Unterlagen aus Akten in Berlin belegen, dass den Stasi-Mitarbeitern fiel zwar auf, wie brutal ihre syrischen Lehrlinge waren. Kritik wurde zudem geäussert, dass sich Syrien so viele Geheimdienste parallel leistete. So ist es bis heute: Selbst wenn Bürger den Reisepass verlängert haben wollen, müssen sie bei mehreren Diensten vorstellig werden, überall wird ein Tee getrunken, Geld unter dem Tisch zugeschoben. Das hat in Syrien Methode, die Idee ist, dass kein einzelner Dienst allein zu mächtig werden soll. Worüber die Stasi allerdings nur den Kopf schüttelte, das sei ja Arbeitsverschwendung und ineffizient.
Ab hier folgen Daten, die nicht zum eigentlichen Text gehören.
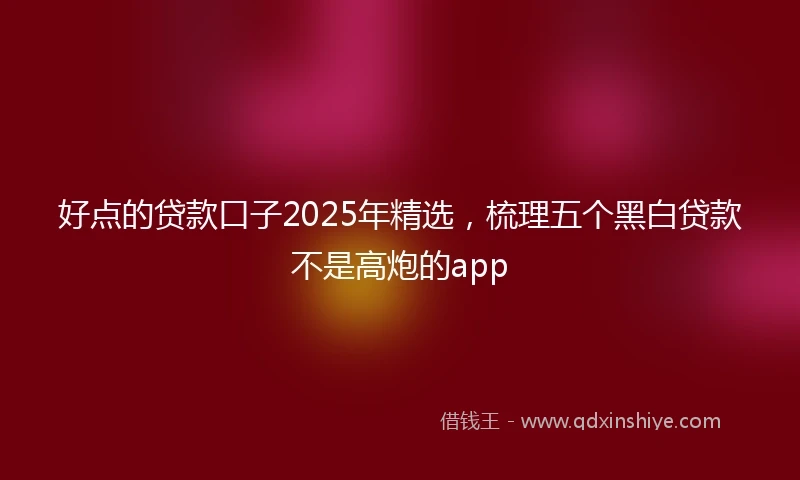 好点的贷款口子2025年精选，梳理五个黑白贷款不是高炮的app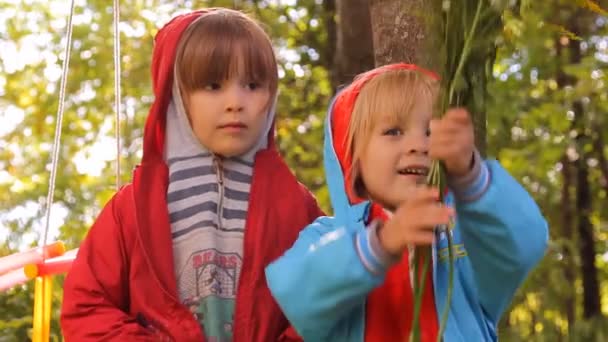 Two girls playing, laughing on a swing — Stock Video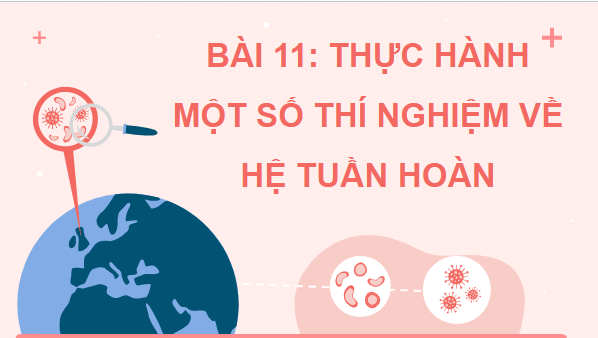 Giáo án điện tử Sinh 11 Kết nối tri thức Bài 11: Thực hành: Một số thí nghiệm về tuần hoàn | PPT Sinh học 11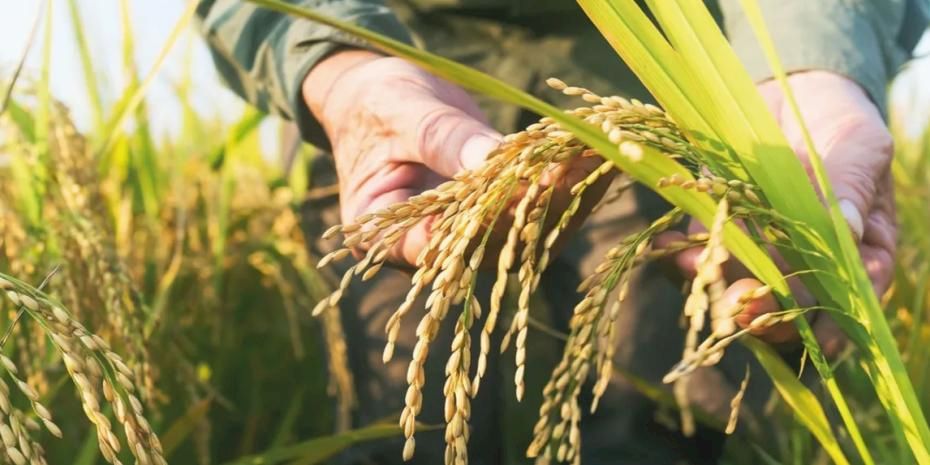 TMO çeltik alım fiyatlarını açıkladı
Von den 1980er-Jahren an dann begann Syriens Regime, sich mehr in Richtung des Westens zu orientieren. Es begann geschickt, West- und Ostdeutschland gegeneinander auszuspielen und sich von beiden beliefern zu lassen. In den 1990er-Jahren konnte die Zusammenarbeit mit dem wiedervereinigten Deutschland deshalb gut fortgesetzt werden. Und daran waren die deutschen Geheimdienste vor allem nach 9/11 brennend interessiert.
Im Juli 2002 wurde, nur wenige Stunden vor seinem Beginn, der Strafprozess gegen zwei syrische Spione eingestellt, die in Deutschland syrische Oppositionelle drangsaliert hatten. Die Bundesregierung hatte sich schützend vor sie gestellt, sie wollte die syrischen Dienste freundlich stimmen. Aus demselben Grund reiste 2002 das komplette Bundestagsgremium, das die Geheimdienste kontrolliert, zum Besuch nach Damaskus. Im November dann folgten fünf Beamte des BND, des Bundesamtes für Verfassungsschutz und des Bundeskriminalamtes, sie vernahmen dort drei Tage lang einen inhaftierten Deutsch-Syrer.
Für deutsche Sicherheitsbehörden hatte die gute Syrien-Connection plötzlich hohe Priorität. Selbst der damalige Bundeskanzler Gerhard Schröder zeigte sich mit dem syrischen Machthaber Baschar al-Assad, um ihn als potenziellen Partner im „war on terror“ zu umschmeicheln. Was derweil im Schatten geschah, bis im Jahr 2012 nach der brutalen Niederschlagung von Demonstrationen die deutsche Botschaft in Damaskus geschlossen wurde, haben Untersuchungsausschüsse im Bundestag bis heute nicht recht aufklären können. Das Problem bleibt. Die Akten der Stasi sind heute offen. Die Akten des BND sind es nicht.
Deutschland spielt nun neuerdings eine ganz andere Rolle im Verhältnis zum syrischen Folterapparat. Als Aufklärer, als Ankläger. Von den Vertretern der Bundesanwaltschaft ging am Oberlandesgericht Koblenz ein glasklares „J’accuse“ aus, am Oberlandesgericht Frankfurt am Main führen die deutschen Ankläger schon den nächsten Prozess gegen syrische Folterer. Diesmal geht es um ein Militärkrankenhaus in der Stadt Homs. Aber Deutschlandmuss sich auch seiner historischen Rolle bewusst werden, da ist noch einige Aufarbeitung bitter notwendig!